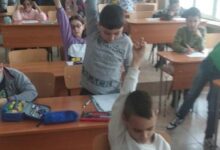 приказка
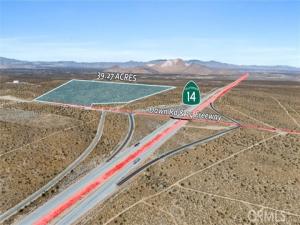 MLS #CV25166235 image #0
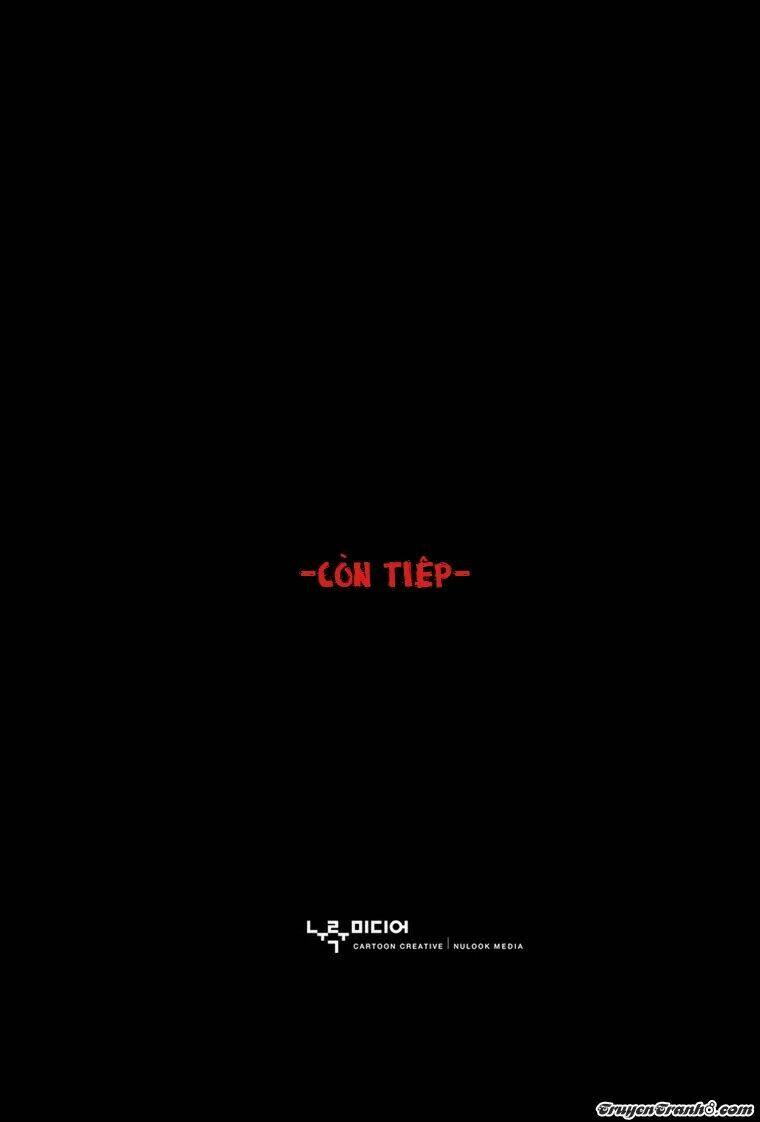 0.0 mhz - tần số chết chapter 11 34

━━━━━━

Give again, exactly, each line from the one that contains "MLS #CV25166235 image #0" through the last line of the material above. Pictures do not belong in the copy.

 MLS #CV25166235 image #0
 0.0 mhz - tần số chết chapter 11 34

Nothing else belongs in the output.